## Sunday, January 13, 2008

### Managing Hierarchical Data (Tree) in Relational Database with JPA

You can't fit an elephant into a matchbox. If hierarchical data model is an elephant then relational database is sure not bigger than a matchbox. I guess if you read this you'd agree that keeping a tree in relational database requires a lot of work. There are at least 2 distinct methods to represent hierarchies (or trees) with relational data: the adjacency list model and the nested set model. I believe that latter is a poor candidate to use with ORM-based technologies due to its set-oriented nature. The adjacency list model is more intuitive to understand and is a good fit for ORM technology. Using both we can introduce some optimization tricks to make our life easier. Below I present an implementation using JPA.

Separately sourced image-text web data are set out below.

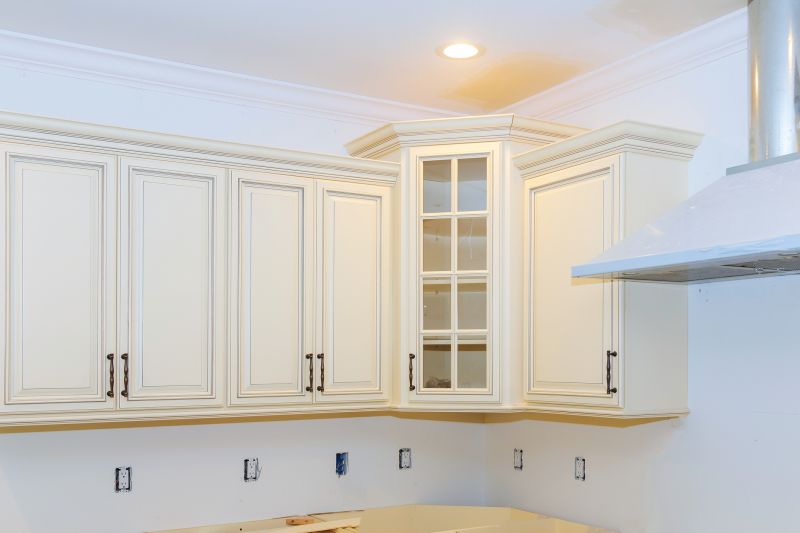 Local Kitchen Cabinet Repair in Monrovia, CA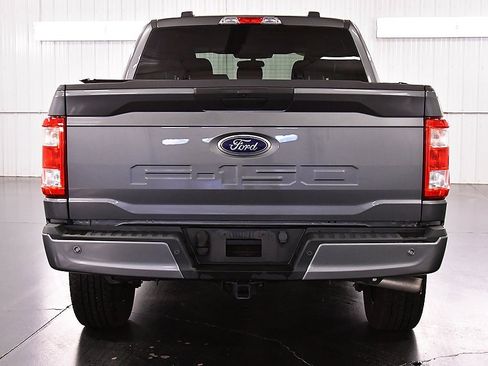 Used 2022 Ford F150 XL w/ STX Appearance Package image 6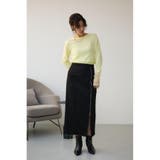 ソデレーステレコトップス | AZUL BY MOUSSY | 詳細画像24 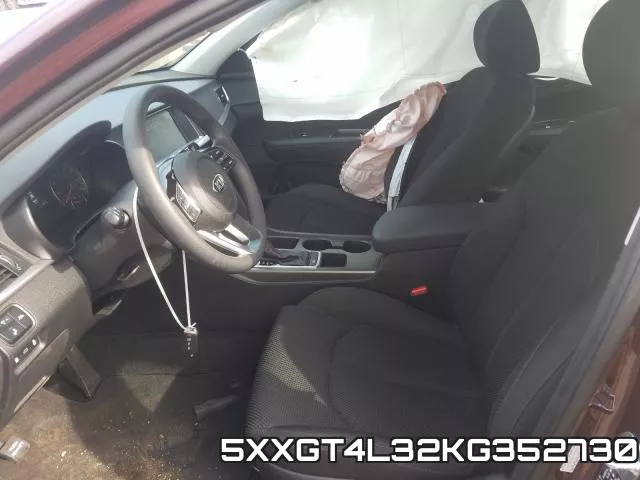 5XXGT4L32KG352730 фото 6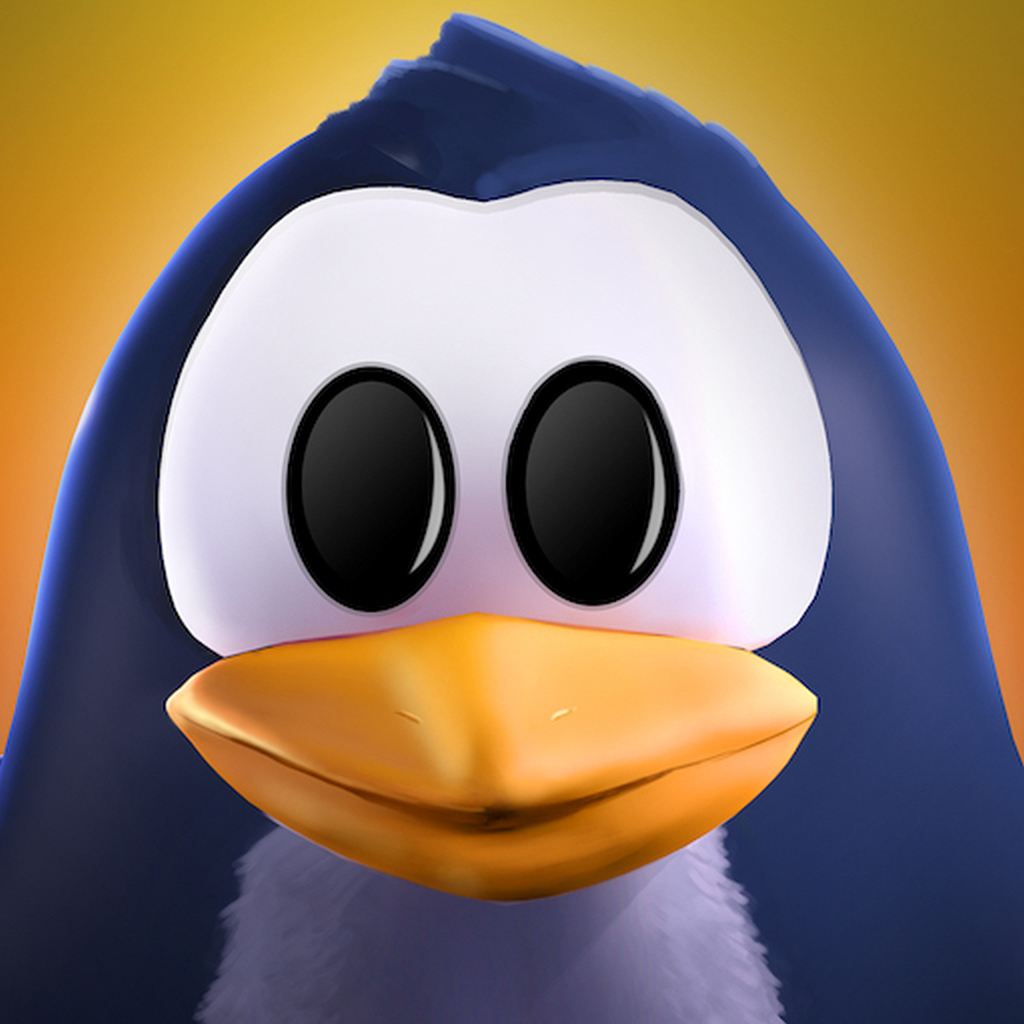 Penguin Panic!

We define a JPA entity Division in accordance with the adjacency list model:

@Entity(name = "Division")
@Table(name = "DIVISION")
@EntityListeners( { HierarchyListener.class } )
public class Division implements IHierarchyElement {
...
@Id
@GeneratedValue(strategy = GenerationType.SEQUENCE, generator = "global_id_gen")
@SequenceGenerator(name = "global_id_gen", sequenceName = "GLOBAL_ID_GEN")
@Column(name = "ID")
public Long getId() {
return id;
}

@ManyToOne(fetch = FetchType.EAGER)
@JoinColumn(name = "PARENT_ID")
public Division getParent() {
return parent;
}

@ManyToOne(fetch = FetchType.EAGER)
@JoinColumn(name = "ORG_ID", nullable = false)
public Organization getOrganization() {
return organization;
}

@Basic(optional = false)
@Column(name = "LEVEL", nullable = false)
public Short getLevel() {
return level;
}

@ManyToOne(fetch = FetchType.LAZY)
@JoinColumn(name = "TOP_ID")
public Division getTop() {
}

public void setLevel(Short theLevel) {
level = theLevel;
}

public void setTop(IHierarchyElement theTop) {
top = (Division) theTop;
}
...
}


for the following table (PostgreSQL flavor):
CREATE TABLE division (
id INTEGER DEFAULT nextval('global_id_gen') PRIMARY KEY,

name VARCHAR(128) NOT NULL,
org_id INTEGER NOT NULL,
parent_id INTEGER,
top_id INTEGER NOT NULL,
level SMALLINT NOT NULL DEFAULT 0,

UNIQUE (name, org_id),

CONSTRAINT div_org_fk FOREIGN KEY(org_id)
REFERENCES organization(id),
CONSTRAINT div_parent_fk FOREIGN KEY(parent_id)
REFERENCES division(id),
CONSTRAINT div_top_fk FOREIGN KEY(top_id)
REFERENCES division(id),

CHECK ( (parent_id IS NULL AND level = 0 AND top_id = id) OR
(parent_id IS NOT NULL AND level > 0 AND top_id <> id)
)
)

The hierarchical data consists of divisions per organization. Organization may have multiple top divisions. That's why there is an ORG_ID that points to organization this division belongs to. Thus, organization entity serves as a top of the tree of divisions. Table DIVISION uses PARENT_ID column to reference its parent division - so PARENT_ID is nullable (in case of top division whose parent is an organization).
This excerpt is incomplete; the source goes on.